At bottom, Head Hand Heart is a profound and often moving argument that we should not be in the business of rewarding people materially or socially simply because they are clever, writes Helen Dale in CapX.

By Helen Dale, February 11, 2021

After the January 6 Capitol Riot – in a long and thoughtful piece addressing the descent of many American partisans into paranoid conspiracism – Nebraska GOP Senator Ben Sasse not only tore strips off what is sometimes called the legacy media and decried the fantasists of QAnon. He also argued that the corporate leviathans of Big Tech are dreadful at what they do.

“Sometimes intentionally, sometimes inadvertently, Americans have outsourced key parts of political life to Silicon Valley behemoths that were not designed to, and are not competent to, execute functions traditionally in the province of the government. The failure of our traditional political institutions and our traditional media to function as spaces for genuine political conversation has created a vacuum now filled by the social media giants—who are even worse at the job.”

When one considers how extraordinarily profitable these outfits are – especially the likes of Facebook and Google – Sasse’s observation may seem passing strange. If, however, one accepts proof of the pudding is in the eating, then he’s clearly right. People who think the US government is in thrall to a global network of cannibalistic paedophiles or home to a white supremacist plot to do down black people did not learn this on Fox or CNN. They got it from social media, and social media is run by clever people who precisely because of their high intelligence are almost wholly unsuited to running media companies.

This, at least, is the argument advanced – over 300-odd closely reasoned pages – by policy wonk David Goodhart in Head Hand Heart: The Struggle for Dignity and Status in the 21st Century. Goodhart claims that much of the developed world requires a major change in the way we measure and reward social status. And part of the change involves stripping cognitive elites of both wealth and power. “We have reached Peak Head,” Goodhart argues. “All too often, cognitive ability and meritocratic achievement is confused with moral worth”.

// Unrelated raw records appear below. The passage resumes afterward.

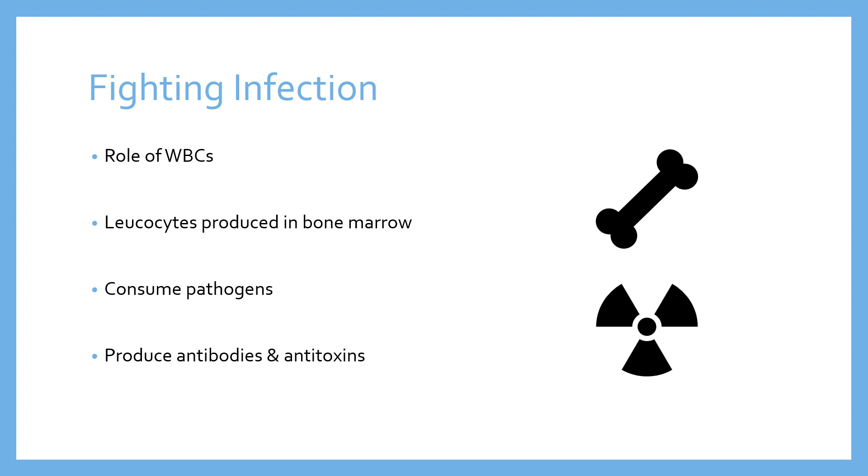Leukocytes also produce antitoxins. A virus or pathogen might produce toxins and release them into the bloodstream, which might damage the organs. The antibodies break down the pathogen, while the antitoxins break down any toxins produced by the pathogen — both serving the same function of keeping us healthy. So that's what leukocytes do, and that's the fourth role of blood in the cardiovascular system: to fight infection.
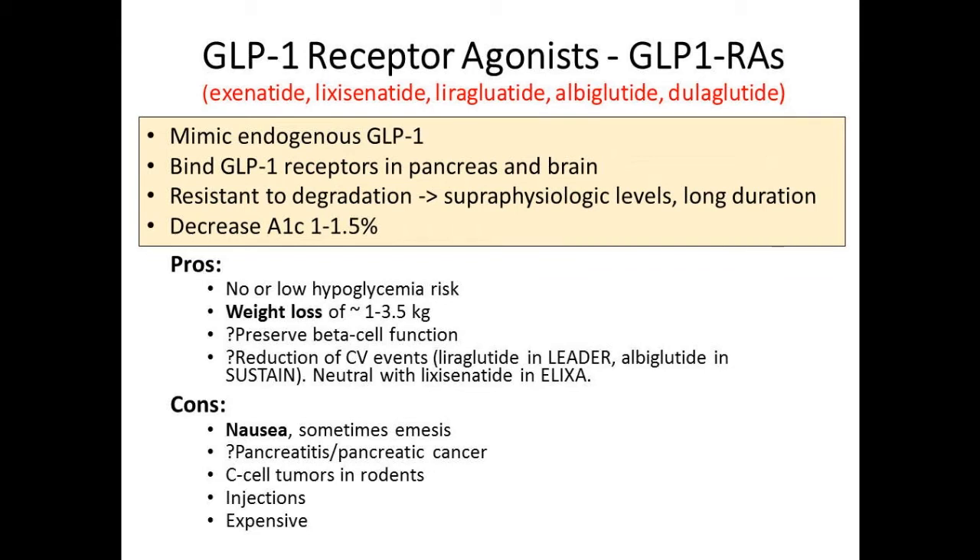Injections used to be a big barrier—people don't want injections. But if you're giving a once-weekly drug where you can barely see the needle, and the patient is going to lose weight and have better sugar control, resistance is less than it used to be. The way we explain this to patients matters a lot. Cost is the biggest barrier to use—these are expensive drugs. Medicare patients hit the donut hole around November, which creates logistic problems for patients who are doing well on these medications.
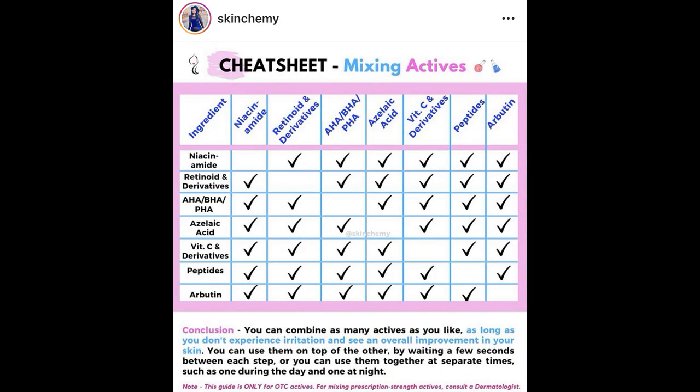When it comes to mixing other actives, there's really not a lot of definitive rules. There's a cosmetic scientist called SkinChemy — very popular on Instagram — who posted an amazing, super helpful chart about mixing actives. It covers niacinamide, retinoids and derivatives, AHAs, other chemical exfoliants, azelaic acid, vitamin C, peptides, and arbutin. As a cosmetic scientist, she basically says you can use all of these in conjunction with one another, and in her notes she says you can use them on top of each other by waiting just a few seconds between each step.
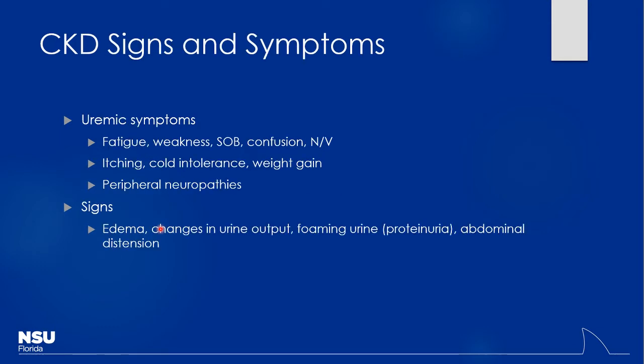Uremic symptoms occur because BUN is chronically too high. This can cause CNS effects like fatigue, impaired concentration, and confusion. Patients also develop uremic pruritus — itchiness is a common finding — as well as peripheral neuropathies. Other signs include changes in urine output, fluid retention causing edema, foamy urine from proteinuria, and abdominal ascites as fluid levels build up.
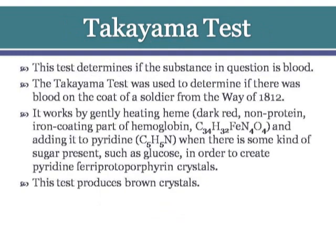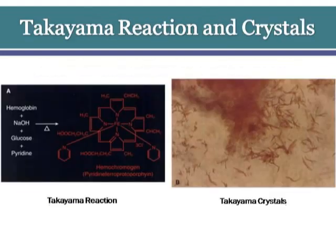The Takayama test determines if the substance in question is blood. It was notably used to determine if there was blood on the coat of a soldier from the War of 1812. It works by gently heating the dark red non-protein iron-containing part of hemoglobin and adding it to pyridine when a sugar such as glucose is present, in order to create pyridine ferroprotoporphyrin crystals. This test produces brown crystals.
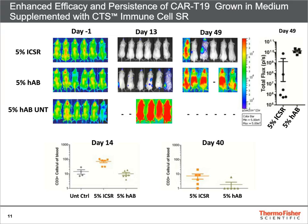As you see on the left panel, the day minus 1 figure represents tumor burden before T-cell infusion. Seen at day 13, CAR T-cells were able to control leukemia after infusion, while the negative control group of mice succumbed to leukemia.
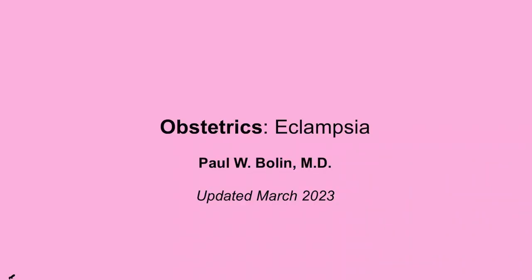Greetings again everybody. Welcome to our talk on eclampsia. If you have not watched my video on pre-eclampsia, I strongly suggest that you go back and watch that video, because in this video I'm going to assume that you understand how pre-eclampsia is diagnosed, how it is worked up, and how it's managed. Most patients with eclampsia have pre-eclampsia first and then go on to develop full-blown eclampsia.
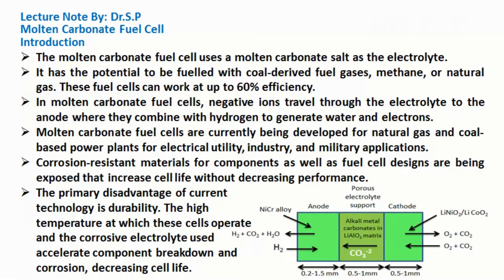Corrosion-resistant materials for components as well as fuel cell designs are being proposed that increase cell life without decreasing performance. The primary disadvantage of current technology is durability. The high temperature at which these cells operate and a corrosive electrolyte used accelerate component breakdown and corrosion, decreasing cell life.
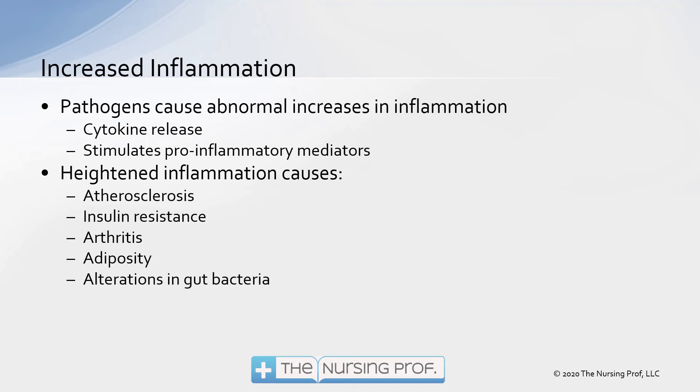Heightened inflammation has long-term consequences: atherosclerosis, insulin resistance — and we see that in patients with type 2 diabetes — arthritis, adiposity, and alterations in gut bacteria, which can lead to potentially some abdominal types of cancers.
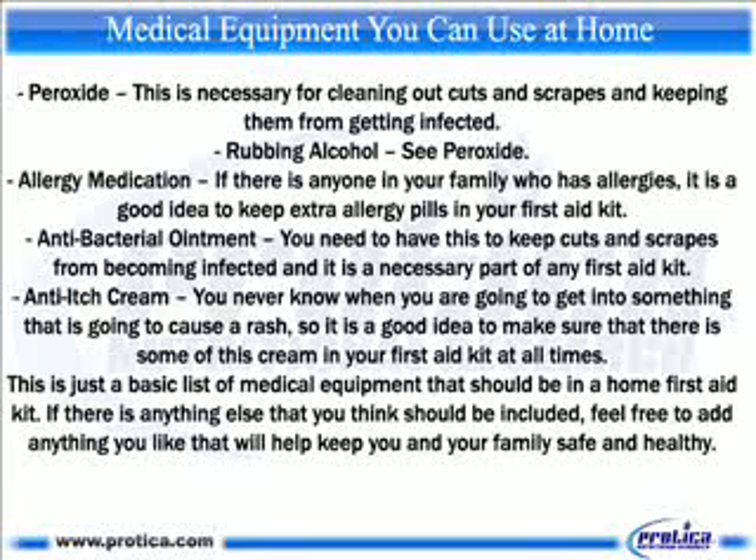Allergy medication. If there is anyone in your family who has allergies, it is a good idea to keep extra allergy pills in your first aid kit. Antibacterial ointment. You need to have this to keep cuts and scrapes from becoming infected and it is a necessary part of any first aid kit. Anti-itch cream. You never know when you are going to get into something that is going to cause a rash, so it is a good idea to make sure that there is some of this cream in your first aid kit at all times.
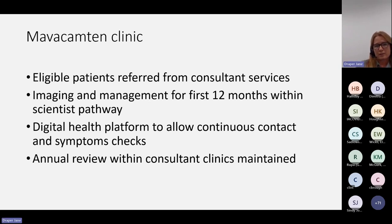Our plans for the Mavacamten clinic: once patients are identified as eligible, ideally with the SIP test done beforehand, they'll be referred from our consultant services and will then come into our clinical scientist pathway for the next 12 months. We will take over the initiation, up-titration, and maintenance of Mavacamten. We're going to use a digital health platform to allow continuous contact and symptom checks. Within 12 months, the annual review for hypertrophic cardiomyopathy patients that you would normally have within consultant clinics is maintained, but they will come back to you hopefully well and up-titrated on Mavacamten to the optimal dose.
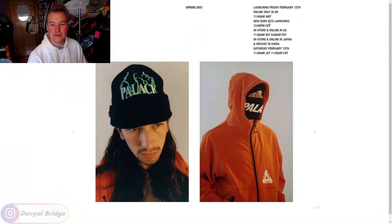Before diving into all the images, let's look at some release details. It's releasing very soon — Friday February the 12th, online only in the UK as they have a big coronavirus surge. 11am GMT time as always. There's a new European site launching due to Brexit causing higher import taxes. It'll be dropping 12pm CET on that website. In-store and online in the US, and also online in Japan and the WeChat store in China. Everywhere but Australia — I'll have to cop it off the UK store and probably pay some big taxes. Maybe this season won't have something that appeals to me, so maybe I won't pick anything up.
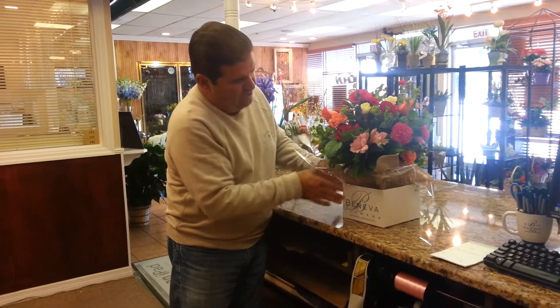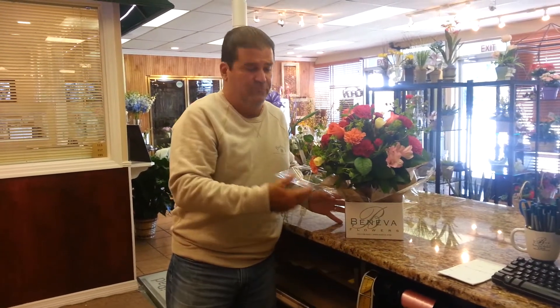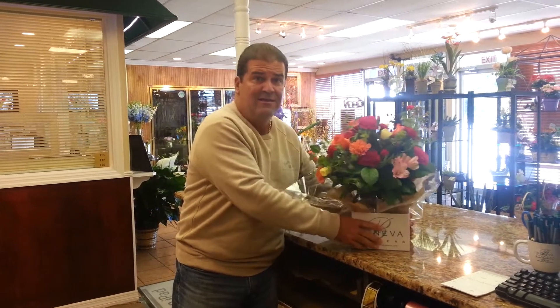And it's all set for the customer. You have a nice covering, you have your name all over it, the arrangement looks good, and the box promotes your business. We also give these to the hospital to pass out to their patients so they can have their flowers delivered home easily and stay sturdy, and it gets our name out and keeps it out in front of all of our customers.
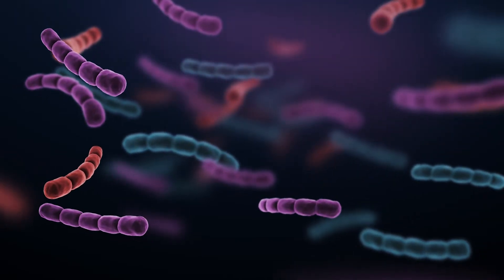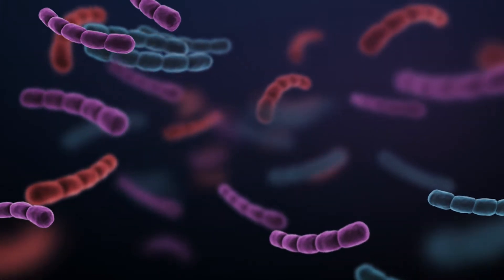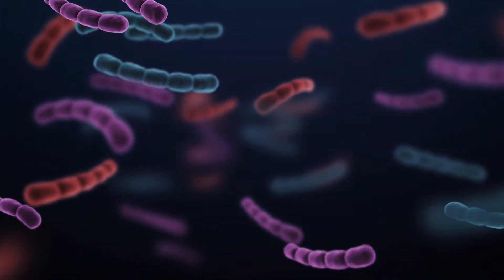GBS, also known as Group B Strep, is a normal bacteria that is found on the skin flora of many women. This bacteria colonizes the GI tract and then can end up on our skin. It's actually present in up to about 30% of women — really 30% of people — at any given time.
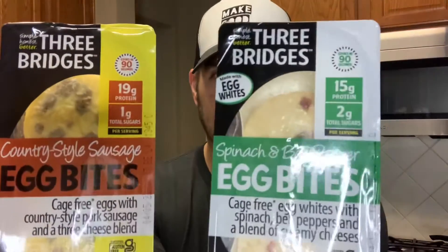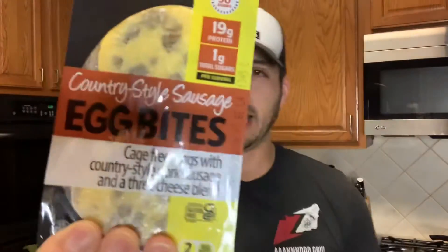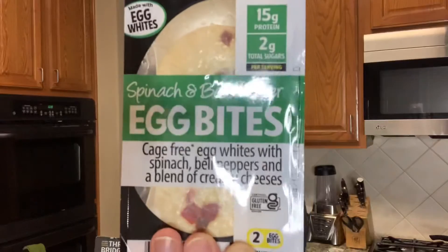My wife and I actually found a fantastic substitute. These are a little harder to find — you can't necessarily get them everywhere, but they actually make egg bites you can buy in the store. This brand is called Three Bridges. They have regular ones and egg white ones, both super delicious. Just to give you an idea of nutrition facts: the regular egg bites have 300 calories and 19 grams of protein. The egg white ones have 220 calories and 15 grams of protein.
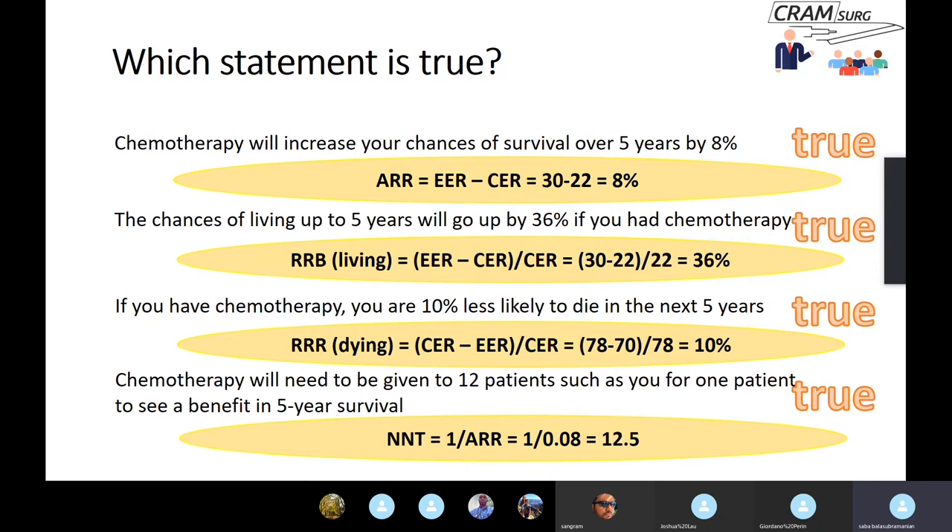The fourth statement gives the number needed to treat, or NNT — the number of patients that need a particular intervention for one additional event to occur. It's simply the reciprocal of the absolute risk reduction: 1 divided by 8%, or 1 divided by 0.08, equals 12.5. So you need to give chemotherapy to around 12 patients for one person to benefit in five-year survival. This is important for healthcare providers and funders to gauge how useful a treatment is to society.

More than anything else, Head Hand Heart is a root-and-branch attack on meritocracy, and Goodhart is open about the extent to which he agrees with Michael Young’s polemical attack on the concept, Rise of the Meritocracy. Like Young, he accepts that one doesn’t wish to be treated by a doctor who failed anatomy or advised by a lawyer who failed contract, but he thinks cognitive privilege needs to be limited in scope. The university sector should shrink and polytechnics be reinstated. Graduate-only positions ought to be scrapped except in limited, cognitively complex areas. Meanwhile, countries like Germany and Australia – which still educate most of those who work in skilled trades, so do not need to import them in the form of immigrants – are to be emulated.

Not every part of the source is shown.